His opening number in a soft subtle lavender hue crafted in tulle, gave off a light and delicate air to the proceedings. Its V neckline and floaty triangular silhouette came as a shock to some fans of the black haired designer. The garments layered tulle panels carried across the front echoed the structure in the Eiffel Tower, with it criss-cross stitching creating a quilted effect to the delicate introduction.

The shapes and panelling carried across several of the opening pieces. The use of tulle within the 45-piece collection was incorporated in most of the ensembles. As the softly sculpted show gained pace and reach the halfway mark, new styles emerged including strapless dresses incorporating the diamond-layered tulle. More structure sheer styles appeared constructed from panels of rectangles and squares, with triangular sections as under support.

As Owens’s Parisian performance drew to a close, his use of sheer fabrics became somewhat of a distant memory as block colours of tonal purple, midnight blue and bronze sartorial style surfaced.

The tulle of past proceedings had paved the way for a mixed media presentation of silk, zip details and heavy cotton fabrics. Owen’s use of these textural materials were crafted in such a way that it was dream like.

Several high funnel necked garments were sculpted to cascade over the left shoulder, creating the look of a cluster of foxgloves to closing ensembles.

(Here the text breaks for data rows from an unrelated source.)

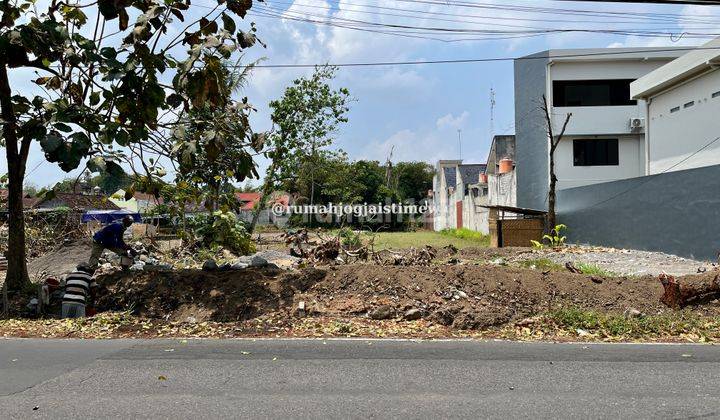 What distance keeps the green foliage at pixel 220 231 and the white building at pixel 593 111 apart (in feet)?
48.6

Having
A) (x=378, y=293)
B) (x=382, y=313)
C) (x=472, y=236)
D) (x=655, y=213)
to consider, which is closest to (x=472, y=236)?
(x=472, y=236)

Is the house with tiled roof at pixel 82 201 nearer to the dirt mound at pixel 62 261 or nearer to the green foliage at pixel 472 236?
the dirt mound at pixel 62 261

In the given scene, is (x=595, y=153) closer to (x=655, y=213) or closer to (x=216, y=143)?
(x=655, y=213)

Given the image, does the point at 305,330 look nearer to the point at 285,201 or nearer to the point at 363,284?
the point at 363,284

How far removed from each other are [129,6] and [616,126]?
23.9 metres

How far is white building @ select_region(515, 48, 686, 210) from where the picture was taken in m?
26.3

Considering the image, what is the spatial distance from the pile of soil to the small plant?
1118cm

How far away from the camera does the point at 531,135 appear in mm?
28234

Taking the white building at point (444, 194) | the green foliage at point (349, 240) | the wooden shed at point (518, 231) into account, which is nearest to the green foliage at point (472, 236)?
the wooden shed at point (518, 231)

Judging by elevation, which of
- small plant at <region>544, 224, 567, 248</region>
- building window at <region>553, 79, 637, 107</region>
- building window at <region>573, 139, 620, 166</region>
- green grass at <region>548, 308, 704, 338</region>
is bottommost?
green grass at <region>548, 308, 704, 338</region>

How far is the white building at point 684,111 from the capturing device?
17.2 meters

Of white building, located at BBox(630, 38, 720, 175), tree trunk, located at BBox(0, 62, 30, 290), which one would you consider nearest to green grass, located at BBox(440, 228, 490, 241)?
white building, located at BBox(630, 38, 720, 175)

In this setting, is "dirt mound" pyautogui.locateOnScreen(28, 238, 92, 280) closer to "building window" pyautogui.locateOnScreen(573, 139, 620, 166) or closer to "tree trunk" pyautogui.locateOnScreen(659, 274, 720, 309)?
"tree trunk" pyautogui.locateOnScreen(659, 274, 720, 309)

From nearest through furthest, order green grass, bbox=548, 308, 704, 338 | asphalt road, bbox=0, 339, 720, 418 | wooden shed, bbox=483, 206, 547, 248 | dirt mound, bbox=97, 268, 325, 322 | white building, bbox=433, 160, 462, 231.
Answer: asphalt road, bbox=0, 339, 720, 418
green grass, bbox=548, 308, 704, 338
dirt mound, bbox=97, 268, 325, 322
wooden shed, bbox=483, 206, 547, 248
white building, bbox=433, 160, 462, 231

The designer who told the New York Times his main influence is architecture, has built a collection that is delicately designed and completely new for the Rick Owens brand. Is this a change of direction for the designer entering his 20th year in the business? Or is this Owens showing his stylish supporters and the fashion world a softer side to his otherwise dark aesthetic? Whatever he is doing, this collection has divided opinions. I personally cannot wait to see if he carries this softer toned style into his next collection. Who knows what Owens will do next, only time will tell.